*** SUPPLIED ENTRIES ***

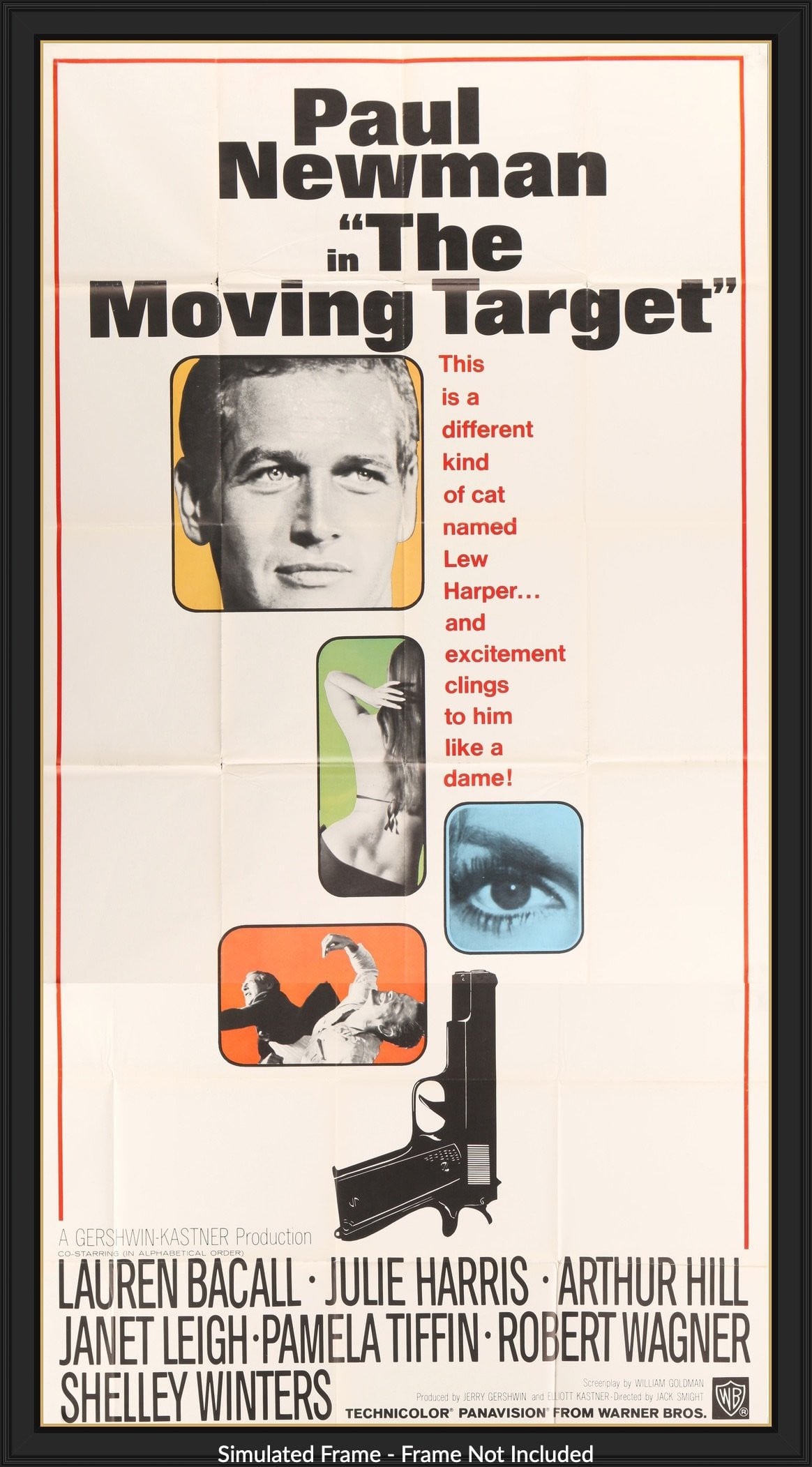 Harper (1966) original movie poster for sale at Originalfilmart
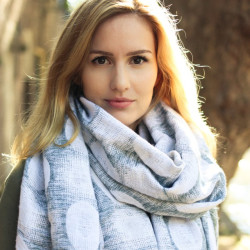 Solnce Ellips Shawl Galapagos | Luxury Woven Wrap
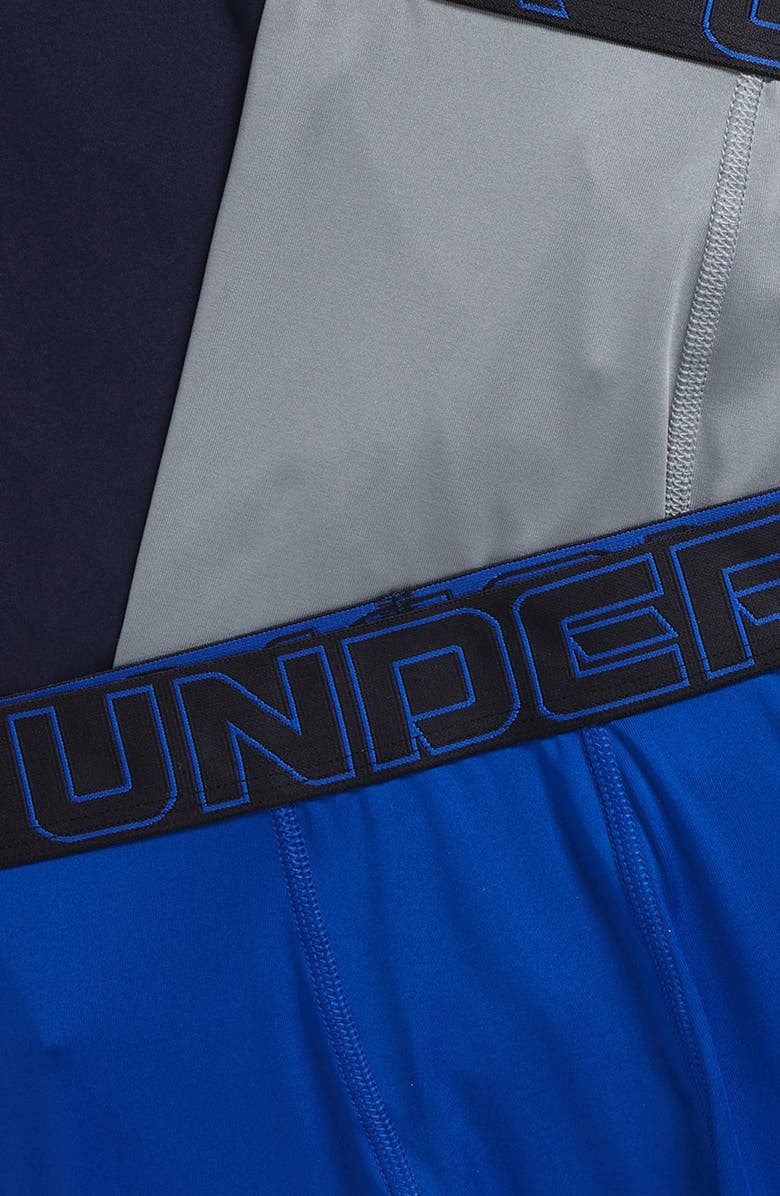Under Armour Kids' Assorted 3-Pack UA Performance Tech<sup>™</sup> Boxerjock<sup>®</sup> Boxer Briefs, Alternate, color,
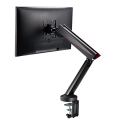Кронштейн для монитора LUMI (Brateck) LDT39-C012 (17″–32″, до 8 кг) / Black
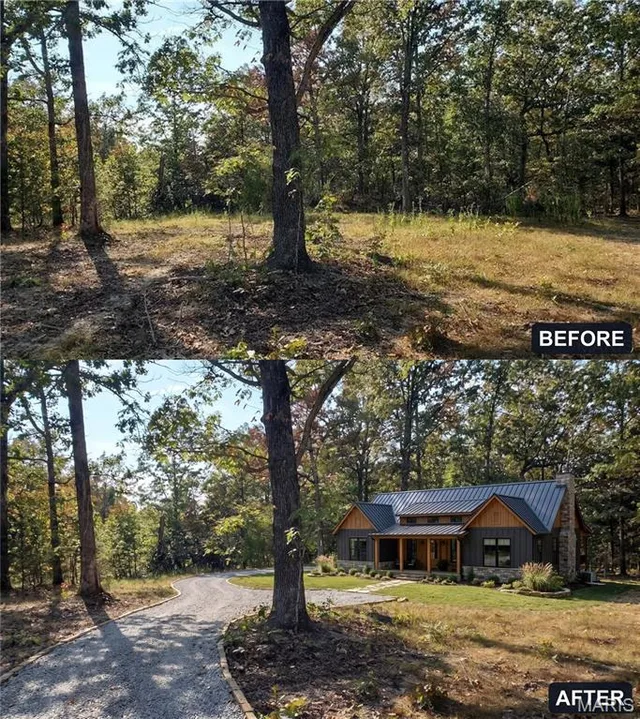 Front exterior — 00 County Road 6030 Salem Missouri real estate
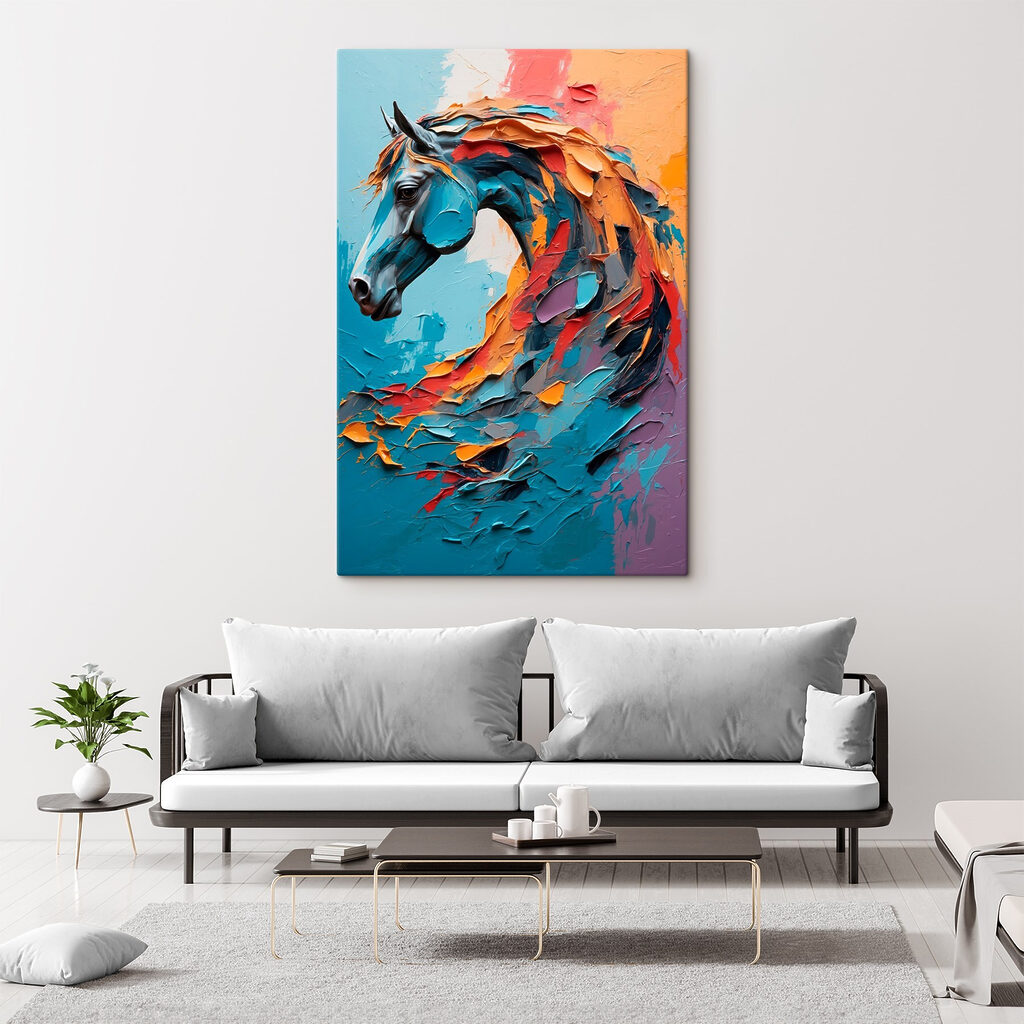 Painting of a horse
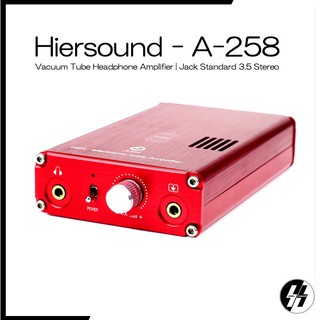 Portable-Tube | Hiersound - A-258 | Vacuum Tube Headphone Amplifier -  Jack Standard 3.5 Stereo (โปรดเช็คสต๊อก)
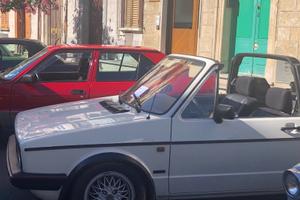 Golf cabrio prima serie 1.6 gl benzina gpl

*** End of SUPPLIED ENTRIES ***

**WHAT TO WORK ON:** In the data above, the stretch from the line with "Solnce Ellips Shawl" through the line with "Portable-Tube | Hiersound" is to be returned exactly, minus any pictures.

**ANSWER SECTION:**
 Solnce Ellips Shawl Galapagos | Luxury Woven Wrap
Under Armour Kids' Assorted 3-Pack UA Performance Tech<sup>™</sup> Boxerjock<sup>®</sup> Boxer Briefs, Alternate, color,
Кронштейн для монитора LUMI (Brateck) LDT39-C012 (17″–32″, до 8 кг) / Black
 Front exterior — 00 County Road 6030 Salem Missouri real estate
 Painting of a horse
 Portable-Tube | Hiersound - A-258 | Vacuum Tube Headphone Amplifier -  Jack Standard 3.5 Stereo (โปรดเช็คสต๊อก)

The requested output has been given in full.